BRENDAN RODGERS will not deliver any special message to the Kop ahead of tomorrow’s emotionally-charged Anfield showdown — because he does not feel he needs to.

Rodgers: I don't need to tell the supporters what to do or players whose hand to shake


He leads Liverpool into battle with fiercest foes Manchester United in a clash which has become about far more than football.

The Reds will mark their first Anfield game since last week’s verdict into the Hillsborough disaster absolved their fans of any blame in the tragedy with a host of tributes to the families who fought so hard for justice.

It has sparked calls from both sides for calm on the terraces — and an end to the vile chants which have blighted meetings between these two bitter rivals over recent years.

Yet Rodgers, 39, will not be reinforcing them with any calls of his own to Kop fans for one simple reason — he has as much faith in them behaving as he has in his own side coming good.

The Anfield chief insisted: “It is an emotionally-charged game but I will not sit here and tell Liverpool fans how to behave. How they have behaved over many years has been fantastic.

“These are well-educated supporters who value humanity. I have no issues there and the message will be clear from Sir Alex Ferguson too.”

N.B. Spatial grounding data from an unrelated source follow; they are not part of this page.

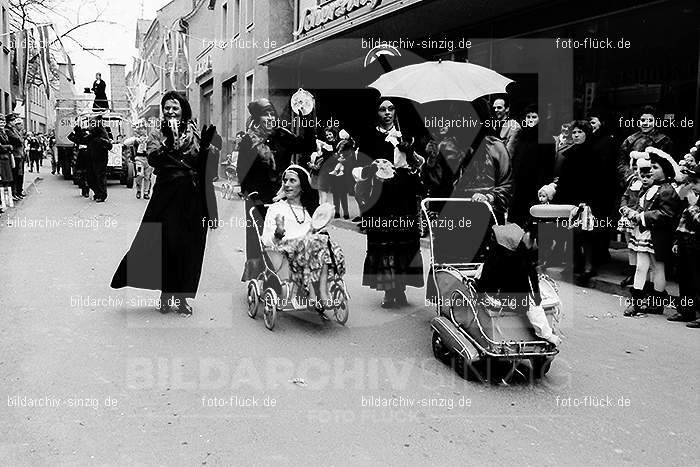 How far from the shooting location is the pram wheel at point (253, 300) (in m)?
6.82

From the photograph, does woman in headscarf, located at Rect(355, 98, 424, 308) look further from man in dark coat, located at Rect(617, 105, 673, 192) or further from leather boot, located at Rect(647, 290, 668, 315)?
man in dark coat, located at Rect(617, 105, 673, 192)

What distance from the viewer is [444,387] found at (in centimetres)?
509

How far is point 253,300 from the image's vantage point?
22.6 feet

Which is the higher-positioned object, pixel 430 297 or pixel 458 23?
pixel 458 23

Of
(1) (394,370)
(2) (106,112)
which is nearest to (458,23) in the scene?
(1) (394,370)

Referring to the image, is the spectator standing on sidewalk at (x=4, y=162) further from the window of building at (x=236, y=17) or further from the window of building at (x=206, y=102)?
the window of building at (x=206, y=102)

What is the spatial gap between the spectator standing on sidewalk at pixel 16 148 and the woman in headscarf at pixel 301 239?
38.9ft

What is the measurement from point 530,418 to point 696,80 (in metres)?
6.64

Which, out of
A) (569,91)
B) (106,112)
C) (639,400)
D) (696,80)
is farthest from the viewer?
(106,112)

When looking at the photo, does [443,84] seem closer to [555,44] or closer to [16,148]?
[555,44]

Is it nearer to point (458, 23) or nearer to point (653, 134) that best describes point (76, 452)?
point (653, 134)

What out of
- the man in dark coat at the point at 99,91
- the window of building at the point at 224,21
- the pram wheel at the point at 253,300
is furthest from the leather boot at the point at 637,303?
the man in dark coat at the point at 99,91

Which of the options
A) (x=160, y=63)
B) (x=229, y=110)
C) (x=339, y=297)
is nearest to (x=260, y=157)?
(x=339, y=297)

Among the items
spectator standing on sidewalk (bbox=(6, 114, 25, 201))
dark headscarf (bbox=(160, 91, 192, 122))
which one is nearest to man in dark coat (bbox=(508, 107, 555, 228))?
dark headscarf (bbox=(160, 91, 192, 122)) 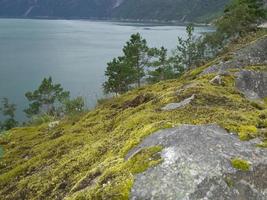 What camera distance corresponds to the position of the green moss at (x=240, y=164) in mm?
6669

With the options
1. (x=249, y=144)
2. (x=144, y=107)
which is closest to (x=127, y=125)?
(x=144, y=107)

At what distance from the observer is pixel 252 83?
13688 millimetres

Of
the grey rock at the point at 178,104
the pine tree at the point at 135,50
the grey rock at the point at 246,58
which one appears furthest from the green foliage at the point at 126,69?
the grey rock at the point at 178,104

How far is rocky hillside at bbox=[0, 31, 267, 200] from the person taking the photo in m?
6.41

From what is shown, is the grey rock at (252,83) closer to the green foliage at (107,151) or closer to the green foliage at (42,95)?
the green foliage at (107,151)

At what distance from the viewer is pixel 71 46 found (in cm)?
18475

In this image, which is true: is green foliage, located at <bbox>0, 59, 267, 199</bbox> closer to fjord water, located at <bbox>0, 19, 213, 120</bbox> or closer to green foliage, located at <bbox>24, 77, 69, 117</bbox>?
fjord water, located at <bbox>0, 19, 213, 120</bbox>

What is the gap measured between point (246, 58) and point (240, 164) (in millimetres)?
12950

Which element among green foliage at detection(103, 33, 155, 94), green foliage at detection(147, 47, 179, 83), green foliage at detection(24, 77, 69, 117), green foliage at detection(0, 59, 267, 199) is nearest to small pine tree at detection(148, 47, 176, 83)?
green foliage at detection(147, 47, 179, 83)

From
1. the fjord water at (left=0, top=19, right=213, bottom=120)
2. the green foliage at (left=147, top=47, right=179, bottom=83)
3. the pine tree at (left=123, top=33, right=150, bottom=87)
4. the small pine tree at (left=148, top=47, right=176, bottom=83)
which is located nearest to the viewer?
the pine tree at (left=123, top=33, right=150, bottom=87)

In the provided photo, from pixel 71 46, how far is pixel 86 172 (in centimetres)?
18093

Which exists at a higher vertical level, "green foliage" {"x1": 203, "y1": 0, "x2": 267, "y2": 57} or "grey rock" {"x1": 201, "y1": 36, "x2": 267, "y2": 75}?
"grey rock" {"x1": 201, "y1": 36, "x2": 267, "y2": 75}

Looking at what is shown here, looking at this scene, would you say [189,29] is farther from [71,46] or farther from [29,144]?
[71,46]

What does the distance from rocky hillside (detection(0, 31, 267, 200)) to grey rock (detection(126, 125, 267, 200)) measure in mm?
16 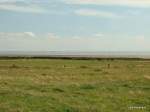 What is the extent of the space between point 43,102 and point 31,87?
6646 millimetres

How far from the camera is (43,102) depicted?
18.1 meters

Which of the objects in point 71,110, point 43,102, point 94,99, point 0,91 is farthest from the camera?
point 0,91

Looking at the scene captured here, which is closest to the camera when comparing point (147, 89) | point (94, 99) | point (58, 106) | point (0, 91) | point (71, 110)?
point (71, 110)

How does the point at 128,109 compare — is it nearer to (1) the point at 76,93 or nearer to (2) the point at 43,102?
(2) the point at 43,102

In fact the main message from Rodgers will be to his players, as he looks into their eyes before they leave the dressing room — and he will tell them to focus on the game, not the occasion.

For all the new Kop gaffer is slowly transforming the club, the fact remains they are desperate for points, after a granite-tough opening to the fixture list.

Rodgers knows that, as vital is it is to pay tribute to the Hillsborough families, his players cannot afford to be sidetracked by the emotion of the day.

He added: “It is twofold — there is the emotional side but there is also the football.

“There will be a part of you on that emotional side and no one can help that but when the whistle goes you have to play with your brain and I will be reinforcing that message certainly.”

Last season’s showdowns were, of course, marred by the Luis Suarez-Patrice Evra race row — and the subsequent storm over the Kop star’s reluctance to shake hands before the Old Trafford clash.

Yet after working with the Uruguayan striker for nearly three months, Rodgers has no fears about a repeat this weekend.

He insisted: “I think the whole situation last season was tiring.

“It just went on and on but we have brought closure to it. I can only speak to working with the guy and talking with him.

“Both in football and social life and I find him a really, really good guy, a good man and very family orientated.

“He is very passionate about his life, he prepares himself well and he does everything it takes to be a footballer. He is not here to steal a living.

“He’s out there every single day looking to improve and be better and takes that passion on to the field.

“Of course, he had his incidents last year and whatnot but people will boo good players no matter what they do.

“Luis might get a wee bit of stick but he can take comfort from the fact that he is a top player and that’s probably the reason he gets it.”

Liverpool certainly need Suarez to be at his brilliant best tomorrow, as Rodgers tries to further stir a club bristling at suggestions it has become a sleeping giant.

The similarities between his arrival at Anfield and Fergie’s at Old Trafford — when Rodgers was just 13 years old — are not lost on the Liverpool manager.

When Ferguson took over, United had gone 19 years without a title.

Rodgers checked in on Merseyside 22 years after Anfield last flew the champions’ flag.

Yet he is hugely confident his methods can slowly narrow the chasm which has developed between the two — or he would not have left Swansea in the first place.

He admitted: “When he arrived at United he had been a manager for a long period of time, he had won trophies and whatnot.

“When he entered there in 1986 he had a massive job to do. It was a failing school.

“He was having to pick it up from his knees and was looking to put his own stamp on it. He was looking to youth to have no fear and then grow from it, and for me, the similarities are there. I have come in to an incredible club.

“But I wouldn’t have left Swansea for many others because I like to get peace and satisfaction with how I work.

“I would rather work with a group of under-10s than say “smash a ball up the pitch”.

“When you’ve been a club of this standing for so many years but in terms of on the field you’ve fallen behind, yes it hurts.

“But it also brings great motivation to show we’re going to fight to keep moving forward and, hopefully over these coming years, we can close the gap. That’s the reality.

“Off the field our supporters are the best in the world but on the field we need to make up the gap.

“But I’m very optimistic in my life and it is why I have arrived at where I have arrived in terms of being young.

“I understand if you are fearful you don’t make the next steps. If you are frightened to lose you don’t do enough of what it takes to win a game, so I always look to get the team out in a positive.”